People’s views of Biden’s memory and acuity have soured since January 2022, when about half of those polled expressed similar concerns. (That survey did not ask a similar question about Trump.)

In a major risk for Biden, independents are much more likely to say that they lack confidence in his mental abilities (80%) compared with Trump’s (56%). And Democrats are generally more concerned about Biden’s mental capabilities than Republicans are with Trump’s, raising the stakes of Biden’s upcoming speech to a joint session of Congress on Thursday.

Going into the big event, just 38% of US adults approve of how Biden is handling his job as president, while 61% disapprove. Democrats (74%) are much likelier than independents (20%) and Republicans (6%) to favor his performance. But there is broad discontent on the way Biden is handling a variety of issues, including the economy, immigration, and foreign policy.

US President Joe Biden delivers his 2023 State of the Union address during a joint meeting of Congress in the House Chamber of the US Capitol on February 7, 2023, in Washington, DC. (Drew Angerer / Getty Images via AFP/ File)

About 4 in 10 Americans approve of the way Biden is handling each of these issues: health care, climate change, abortion policy, and the conflict between Russia and Ukraine. But people are less satisfied with Biden’s handling of immigration (29%), the conflict between the Israelis and the Palestinians (31%), and the economy (34%) — all of which are likely to come up in the speech before a joint session of Congress.

Nearly 6 in 10 (57%) Americans think the national economy is somewhat or much worse off than before Biden took office in 2021. Only 3 in 10 adults say it is better under his leadership. Still, people are more optimistic about the state of their own bank accounts: 54% say their personal finances are good.

Many respondents to the survey were deeply pessimistic about their likely choices in November because of age and the risk of cognitive decline.

Paul Miller, himself 84, said Biden is just too old — and so is Trump.

“He doesn’t seem to have the mental whatever to be a president,” Miller said of Biden. He added that Trump is “too old, too, and half crazy.”

The retiree from Carlisle, Pennsylvania, said he voted for Trump in 2020, but he would not do so again.

“I don’t think I’m going to vote for either one of them,” he said. “I hope somebody else is available.”

Former president Donald Trump speaks at his Mar-a-Lago estate, March 4, 2024, in Palm Beach, Florida. (AP Photo/ Rebecca Blackwell)

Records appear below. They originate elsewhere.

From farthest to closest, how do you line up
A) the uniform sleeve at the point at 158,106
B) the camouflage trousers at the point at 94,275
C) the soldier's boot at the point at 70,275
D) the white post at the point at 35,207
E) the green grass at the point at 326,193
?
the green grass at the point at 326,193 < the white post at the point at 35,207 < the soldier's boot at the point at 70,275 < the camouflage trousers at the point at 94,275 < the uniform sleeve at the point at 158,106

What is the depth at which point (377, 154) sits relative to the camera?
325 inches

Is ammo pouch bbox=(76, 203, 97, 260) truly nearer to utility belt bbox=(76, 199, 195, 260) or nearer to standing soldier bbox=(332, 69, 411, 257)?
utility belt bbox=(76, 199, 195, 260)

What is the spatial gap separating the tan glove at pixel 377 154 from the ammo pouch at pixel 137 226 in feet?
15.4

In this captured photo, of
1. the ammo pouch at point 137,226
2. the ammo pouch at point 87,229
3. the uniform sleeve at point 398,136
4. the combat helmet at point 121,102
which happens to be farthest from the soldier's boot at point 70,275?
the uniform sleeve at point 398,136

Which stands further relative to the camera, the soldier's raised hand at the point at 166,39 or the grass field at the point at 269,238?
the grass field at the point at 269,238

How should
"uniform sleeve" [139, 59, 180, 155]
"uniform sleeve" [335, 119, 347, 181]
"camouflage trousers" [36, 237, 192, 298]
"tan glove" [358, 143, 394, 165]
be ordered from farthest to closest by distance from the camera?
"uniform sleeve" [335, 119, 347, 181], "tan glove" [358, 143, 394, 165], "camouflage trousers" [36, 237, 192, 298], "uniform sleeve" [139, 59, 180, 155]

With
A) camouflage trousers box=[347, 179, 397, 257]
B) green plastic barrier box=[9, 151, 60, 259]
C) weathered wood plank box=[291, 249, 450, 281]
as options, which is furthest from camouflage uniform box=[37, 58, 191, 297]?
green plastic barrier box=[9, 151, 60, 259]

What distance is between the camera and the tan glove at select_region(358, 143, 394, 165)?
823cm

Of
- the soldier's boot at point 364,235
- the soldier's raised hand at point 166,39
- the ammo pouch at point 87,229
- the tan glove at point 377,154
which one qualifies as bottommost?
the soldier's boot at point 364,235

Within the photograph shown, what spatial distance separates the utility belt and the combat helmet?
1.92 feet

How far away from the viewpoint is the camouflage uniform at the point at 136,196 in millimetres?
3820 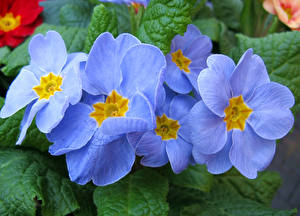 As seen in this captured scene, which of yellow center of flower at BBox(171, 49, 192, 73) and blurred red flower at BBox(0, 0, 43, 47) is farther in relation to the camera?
blurred red flower at BBox(0, 0, 43, 47)

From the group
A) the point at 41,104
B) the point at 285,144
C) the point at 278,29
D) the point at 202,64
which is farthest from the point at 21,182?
the point at 285,144

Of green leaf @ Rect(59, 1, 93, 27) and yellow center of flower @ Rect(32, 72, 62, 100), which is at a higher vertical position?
yellow center of flower @ Rect(32, 72, 62, 100)

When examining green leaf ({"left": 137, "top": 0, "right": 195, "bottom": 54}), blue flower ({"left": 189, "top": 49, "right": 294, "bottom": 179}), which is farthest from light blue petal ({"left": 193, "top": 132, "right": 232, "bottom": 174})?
green leaf ({"left": 137, "top": 0, "right": 195, "bottom": 54})

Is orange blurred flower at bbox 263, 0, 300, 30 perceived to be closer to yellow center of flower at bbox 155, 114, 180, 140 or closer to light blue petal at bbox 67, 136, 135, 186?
yellow center of flower at bbox 155, 114, 180, 140

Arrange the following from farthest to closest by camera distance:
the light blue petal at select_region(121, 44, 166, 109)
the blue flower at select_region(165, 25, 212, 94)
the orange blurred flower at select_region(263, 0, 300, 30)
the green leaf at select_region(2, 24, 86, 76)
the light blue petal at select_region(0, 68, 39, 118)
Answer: the orange blurred flower at select_region(263, 0, 300, 30) < the green leaf at select_region(2, 24, 86, 76) < the blue flower at select_region(165, 25, 212, 94) < the light blue petal at select_region(0, 68, 39, 118) < the light blue petal at select_region(121, 44, 166, 109)

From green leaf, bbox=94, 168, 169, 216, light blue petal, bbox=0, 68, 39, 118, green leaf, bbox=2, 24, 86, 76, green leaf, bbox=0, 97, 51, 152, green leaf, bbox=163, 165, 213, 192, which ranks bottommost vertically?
green leaf, bbox=163, 165, 213, 192

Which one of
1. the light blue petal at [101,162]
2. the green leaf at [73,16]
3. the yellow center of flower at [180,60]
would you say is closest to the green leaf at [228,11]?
the green leaf at [73,16] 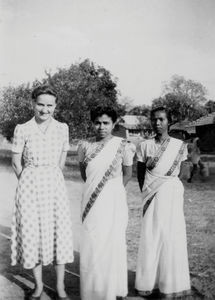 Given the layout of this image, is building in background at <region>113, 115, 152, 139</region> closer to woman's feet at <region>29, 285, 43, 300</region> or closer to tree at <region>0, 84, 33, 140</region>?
tree at <region>0, 84, 33, 140</region>

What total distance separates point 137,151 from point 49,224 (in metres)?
1.31

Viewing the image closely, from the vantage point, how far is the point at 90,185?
407cm

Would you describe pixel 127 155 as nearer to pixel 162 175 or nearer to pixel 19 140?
pixel 162 175

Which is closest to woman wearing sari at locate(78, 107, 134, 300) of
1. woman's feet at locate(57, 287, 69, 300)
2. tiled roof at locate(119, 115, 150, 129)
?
woman's feet at locate(57, 287, 69, 300)

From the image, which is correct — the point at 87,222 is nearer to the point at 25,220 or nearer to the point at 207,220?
the point at 25,220

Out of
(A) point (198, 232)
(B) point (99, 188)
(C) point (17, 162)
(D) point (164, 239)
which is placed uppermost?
(C) point (17, 162)

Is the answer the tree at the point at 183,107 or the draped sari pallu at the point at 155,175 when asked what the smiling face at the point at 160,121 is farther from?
the tree at the point at 183,107

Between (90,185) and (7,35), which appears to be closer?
(90,185)

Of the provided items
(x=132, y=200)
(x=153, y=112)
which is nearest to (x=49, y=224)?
(x=153, y=112)

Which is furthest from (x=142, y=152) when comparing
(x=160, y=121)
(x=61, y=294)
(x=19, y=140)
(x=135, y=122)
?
(x=135, y=122)

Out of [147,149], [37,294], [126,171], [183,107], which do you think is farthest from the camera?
[183,107]

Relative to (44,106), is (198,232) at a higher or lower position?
lower

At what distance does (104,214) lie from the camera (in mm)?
3971

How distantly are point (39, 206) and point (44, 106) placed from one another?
3.36ft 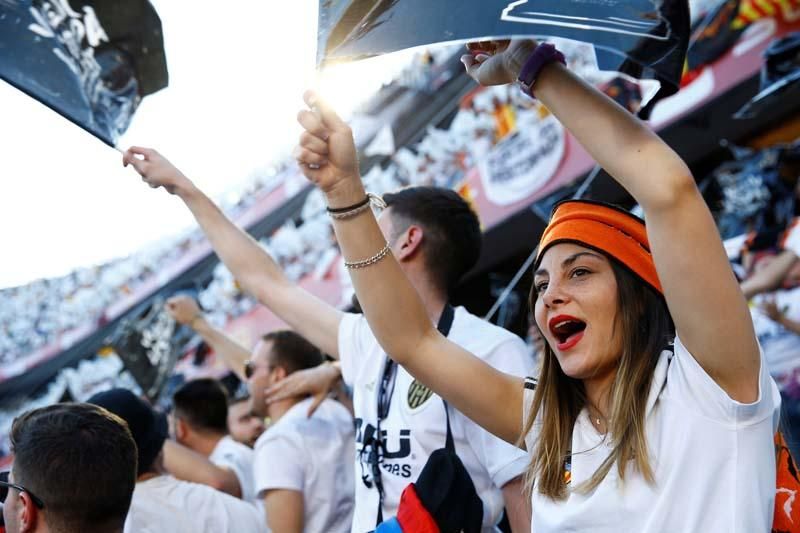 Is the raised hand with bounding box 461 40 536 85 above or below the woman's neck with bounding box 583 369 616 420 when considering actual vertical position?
above

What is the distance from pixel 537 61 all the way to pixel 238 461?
109 inches

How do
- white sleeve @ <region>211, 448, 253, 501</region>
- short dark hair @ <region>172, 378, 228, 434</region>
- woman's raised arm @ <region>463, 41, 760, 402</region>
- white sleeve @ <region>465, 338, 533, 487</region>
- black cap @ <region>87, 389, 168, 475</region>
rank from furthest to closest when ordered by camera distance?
short dark hair @ <region>172, 378, 228, 434</region>
white sleeve @ <region>211, 448, 253, 501</region>
black cap @ <region>87, 389, 168, 475</region>
white sleeve @ <region>465, 338, 533, 487</region>
woman's raised arm @ <region>463, 41, 760, 402</region>

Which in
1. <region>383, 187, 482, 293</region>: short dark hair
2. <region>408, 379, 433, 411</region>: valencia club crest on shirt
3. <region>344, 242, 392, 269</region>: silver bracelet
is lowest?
<region>408, 379, 433, 411</region>: valencia club crest on shirt

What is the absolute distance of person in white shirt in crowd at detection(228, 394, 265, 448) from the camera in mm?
4867

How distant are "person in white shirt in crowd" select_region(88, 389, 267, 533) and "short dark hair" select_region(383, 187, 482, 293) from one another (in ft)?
3.17

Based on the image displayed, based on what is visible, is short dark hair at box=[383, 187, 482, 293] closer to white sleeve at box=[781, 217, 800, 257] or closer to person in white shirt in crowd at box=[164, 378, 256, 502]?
person in white shirt in crowd at box=[164, 378, 256, 502]

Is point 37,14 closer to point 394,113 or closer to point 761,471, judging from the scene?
point 761,471

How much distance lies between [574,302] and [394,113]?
6834 millimetres

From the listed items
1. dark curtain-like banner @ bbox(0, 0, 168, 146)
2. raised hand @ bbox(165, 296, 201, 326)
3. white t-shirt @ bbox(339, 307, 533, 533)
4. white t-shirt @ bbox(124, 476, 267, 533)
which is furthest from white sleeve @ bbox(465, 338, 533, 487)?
raised hand @ bbox(165, 296, 201, 326)

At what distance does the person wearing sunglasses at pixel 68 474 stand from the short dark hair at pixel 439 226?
931 millimetres

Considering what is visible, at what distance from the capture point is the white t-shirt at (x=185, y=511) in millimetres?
2561

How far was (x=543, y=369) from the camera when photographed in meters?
1.73

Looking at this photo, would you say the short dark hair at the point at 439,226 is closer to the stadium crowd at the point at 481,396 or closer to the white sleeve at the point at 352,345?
the stadium crowd at the point at 481,396

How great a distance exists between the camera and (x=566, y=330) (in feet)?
5.34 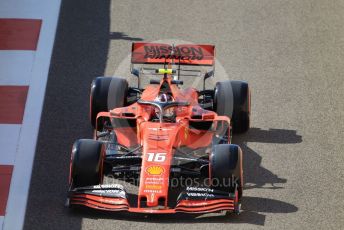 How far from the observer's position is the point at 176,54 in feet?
44.3

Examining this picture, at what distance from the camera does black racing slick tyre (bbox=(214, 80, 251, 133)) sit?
13.2 m

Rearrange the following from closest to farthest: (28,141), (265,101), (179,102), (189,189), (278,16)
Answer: (189,189)
(179,102)
(28,141)
(265,101)
(278,16)

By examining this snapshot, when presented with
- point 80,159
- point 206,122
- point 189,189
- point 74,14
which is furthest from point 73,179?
point 74,14

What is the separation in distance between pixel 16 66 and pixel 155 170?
16.2ft

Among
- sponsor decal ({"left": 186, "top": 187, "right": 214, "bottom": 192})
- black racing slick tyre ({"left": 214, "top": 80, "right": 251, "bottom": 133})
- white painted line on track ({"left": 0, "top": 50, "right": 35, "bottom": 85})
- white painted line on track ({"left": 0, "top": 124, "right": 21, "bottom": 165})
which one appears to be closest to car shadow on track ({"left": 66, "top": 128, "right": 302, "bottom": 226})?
sponsor decal ({"left": 186, "top": 187, "right": 214, "bottom": 192})

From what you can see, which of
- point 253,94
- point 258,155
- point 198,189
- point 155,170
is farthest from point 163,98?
point 253,94

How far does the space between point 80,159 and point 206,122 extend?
217 centimetres

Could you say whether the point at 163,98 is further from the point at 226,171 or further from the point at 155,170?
the point at 226,171

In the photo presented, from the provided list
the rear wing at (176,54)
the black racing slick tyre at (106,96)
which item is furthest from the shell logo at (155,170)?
the rear wing at (176,54)

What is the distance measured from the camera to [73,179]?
11.5m

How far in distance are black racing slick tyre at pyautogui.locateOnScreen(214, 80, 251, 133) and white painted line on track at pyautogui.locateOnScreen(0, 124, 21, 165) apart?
2.97 meters

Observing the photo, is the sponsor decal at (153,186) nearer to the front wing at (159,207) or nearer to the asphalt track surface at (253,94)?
the front wing at (159,207)

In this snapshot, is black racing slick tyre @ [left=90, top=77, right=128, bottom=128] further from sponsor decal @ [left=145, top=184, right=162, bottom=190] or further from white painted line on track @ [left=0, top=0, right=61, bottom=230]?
sponsor decal @ [left=145, top=184, right=162, bottom=190]

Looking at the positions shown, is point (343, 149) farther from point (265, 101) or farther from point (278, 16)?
point (278, 16)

The president faces added pressure about his age after unflattering descriptions of him contained in a special counsel’s report that did not recommend criminal prosecution of Biden for his mishandling of classified records, unlike Trump who was indicted for keeping classified material in his Florida home. The report said that Biden’s memory was “hazy,” “fuzzy,” “faulty,” “poor,” and had “significant limitations.”

Biden has tried to deflect concerns by joking about his age and taking jabs at Trump’s own gaffes. Yet the president’s age is a liability that has overshadowed his policy achievements on infrastructure, manufacturing, and addressing climate change.

About one-third of Democrats said they are “not very” or “not at all” confident in Biden’s mental capability in the new survey, up from 14% in January 2022. Only 40% of Democrats said they are “extremely” or “very confident” in Biden’s mental abilities, with approximately 3 in 10 saying they are “somewhat” confident.

Republicans are generally more comfortable with Trump’s mental capabilities than Democrats are with Biden’s. In the survey, 59% of Republicans are “extremely” or “very confident” that Trump has the mental abilities to be president. An additional 20% are somewhat confident, and 20% are not very or not at all confident.

But if there is one thing Democrats and Republicans can agree upon, it is that the other party’s likely nominee is not mentally up to the task. About 9 in 10 Republicans say Biden lacks the mental capability to serve as president, while a similar share of Democrats say that about Trump.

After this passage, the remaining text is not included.